[DATA SEGMENT]:
[Start of section]

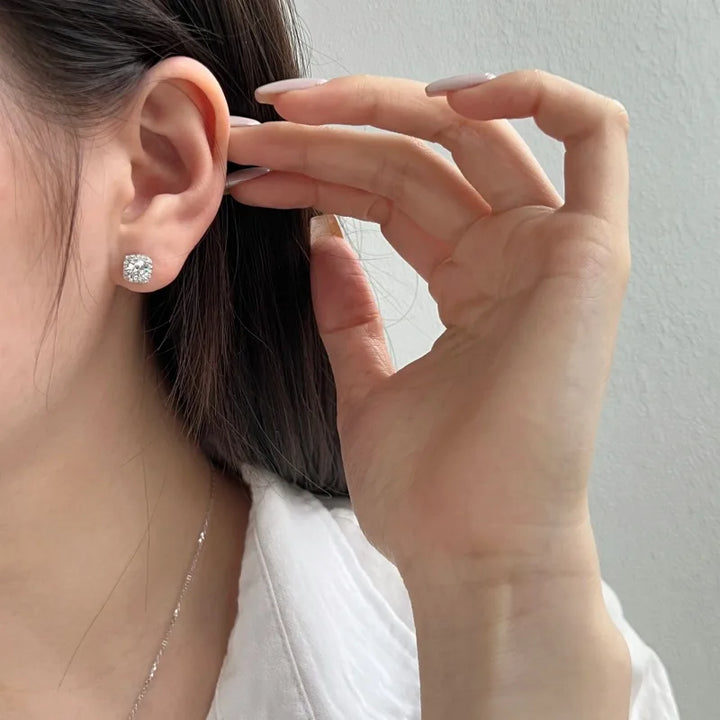 Cercei eleganți din argint cu zircon forma patrata - Lucia 2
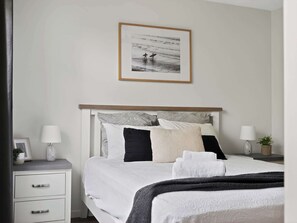 Desk, iron/ironing board, WiFi, bed sheets - The Pink Door — Absolute Beachfront House (Scarborough)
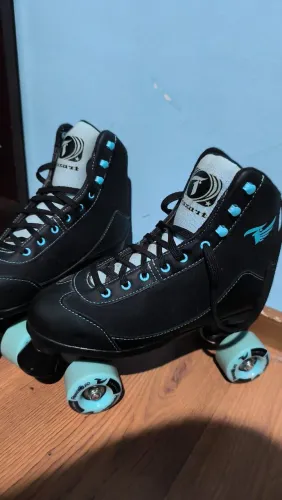 Patins Powerquad - 58mm x 32mm Patins Powerquad Traxart - 58mm x 32mm ABEC-5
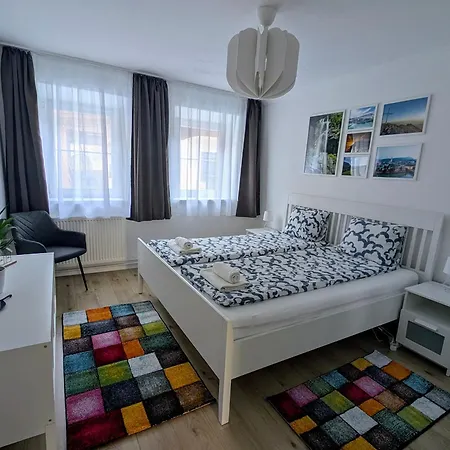 Apartamento Haus Im Hochtal Bad Bleiberg Exterior foto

[End of section]

[WHAT YOU WILL DO]: Give back the data exactly. Pictures stay out.

[ANSWER TO THIS TASK]:
 Cercei eleganți din argint cu zircon forma patrata - Lucia 2
 Desk, iron/ironing board, WiFi, bed sheets - The Pink Door — Absolute Beachfront House (Scarborough)
 Patins Powerquad - 58mm x 32mm Patins Powerquad Traxart - 58mm x 32mm ABEC-5
 Apartamento Haus Im Hochtal Bad Bleiberg Exterior foto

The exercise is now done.